The primary goal of Nostr is to establish a global social network that avoids the pitfalls of previous attempts at decentralized social media, such as the federated server model used by Mastodon.
Nostr is a protocol developed as an attempt to create a simple, censorship-resistant alternative to mainstream social media platforms like Twitter. It was designed by a developer known as fiatjaf, who is also known for his involvement in the LNURL spec. While not a Bitcoin or Lightning Network project, it has garnered attention from individuals within the Bitcoin community due to fiatjaf's involvement.
The primary goal of Nostr is to establish a global social network that avoids the pitfalls of previous attempts at decentralized social media, such as the federated server model used by Mastodon. This model, which utilizes the ActivityPub protocol, has been criticized for leading to authoritarian community management and inter-server disputes, undermining its goal of being censorship-resistant.
Nostr diverges from this approach by using cryptographic private keys, similar to those in Bitcoin's Taproot (Schnorr keys), to establish user identity. Messages are published as JSON blobs, signed with the user's key, and can be sent to multiple relays. Unlike federated models, Nostr doesn't tether a user's identity to a specific server, thereby preventing arbitrary bans by server administrators.
The underlying infrastructure of Nostr consists of relays, which are akin to databases that store and forward messages. These relays are "dumb" in the sense that they do not discriminate against content, accepting messages signed by any user's private key. If a user is banned from one relay, they can easily continue their activities on others, ensuring a high degree of censorship resistance.
Nostr also defines a straightforward querying interface for the database, allowing users to request posts from specific public keys and receive updates in real-time via websockets. This facilitates the creation of real-time applications, such as chat rooms, without the need for traditional web apps to interact with databases directly, which can pose security risks.
Users do not need to run a node to participate in Nostr. They can interact with the network through clients like Damus, which communicate with relays. Damus is an example of a client that simplifies the onboarding process, requiring no personal information to create an account and allowing users to start sending messages to selected relays quickly.
Nostr's design enables various use cases beyond public social networking. For instance, organizations can operate private relays within their infrastructure, allowing for secure internal communication that remains invisible to outsiders. Personal implementations can also be tailored to individual needs, such as receiving private real-time notifications for cryptocurrency transactions.
The question of incentives for running public relays is critical, as they can consume significant resources.
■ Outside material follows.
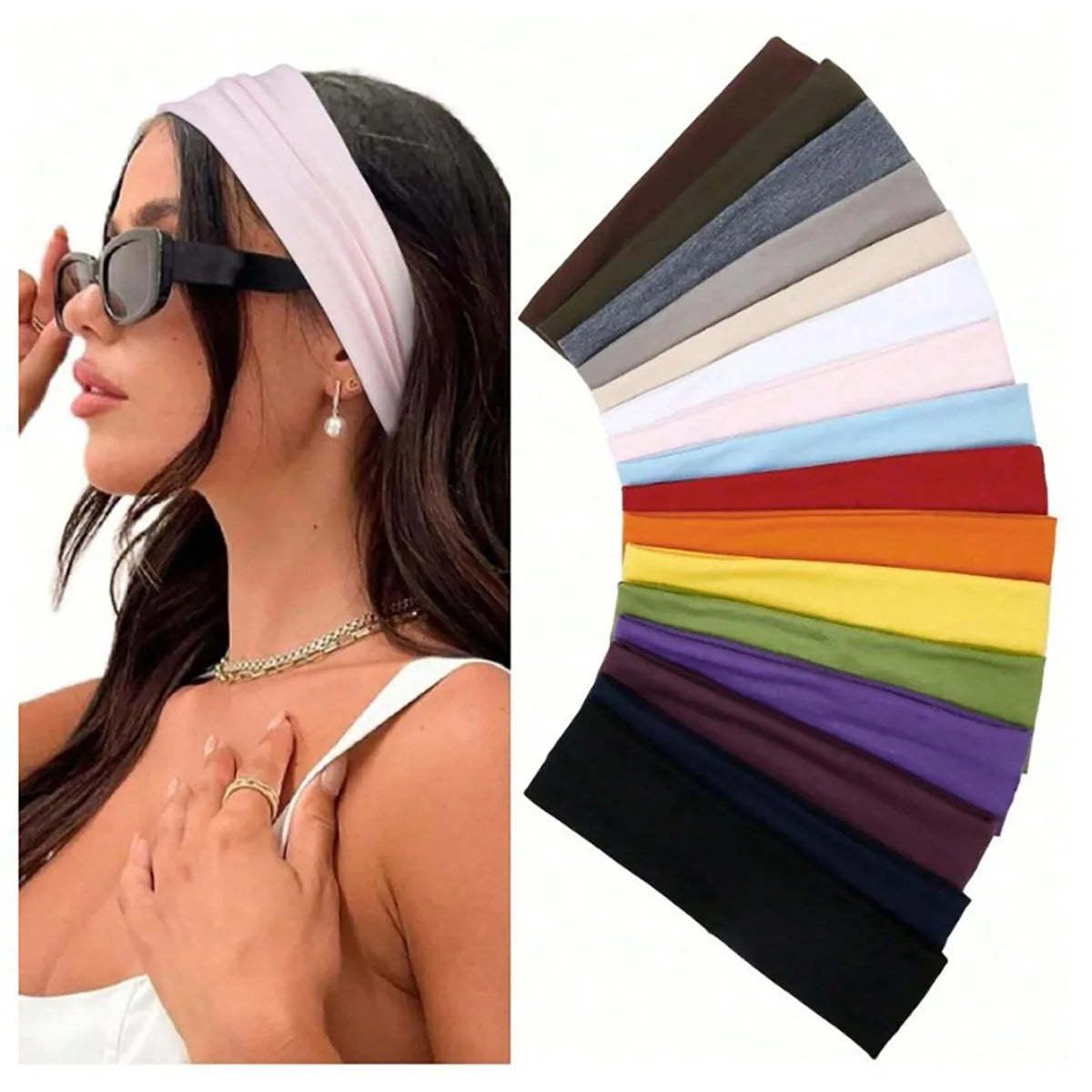 10 Pcs Elastic HairBand Fashion Headbands For Women Solid Color Sports Running Fitness Yoga Hair Bands Makeup Hair Accessories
Some relay operators may be motivated by a desire to support the network's growth and success. Others might implement payment systems, requiring users to pay a fee, often via a cryptocurrency like Bitcoin's Lightning Network, to send messages to their relay. This could also help mitigate spam by adding a cost to message sending.
Spam remains a concern within Nostr's network, and several strategies are being considered to address it, including proofs of work and paid relays. Additionally, the concept of "orange checks," akin to verified statuses on other platforms, has been proposed. Users could pay for these checks, which would then help others identify trustworthy accounts and filter out spam.
Nostr represents an innovative approach to creating a decentralized, censorship-resistant social media platform. By leveraging simple cryptographic identities and a network of relays, it provides a versatile foundation for various applications. While challenges such as spam management persist, the ongoing development and community support suggest a robust potential for Nostr to impact the landscape of social networking.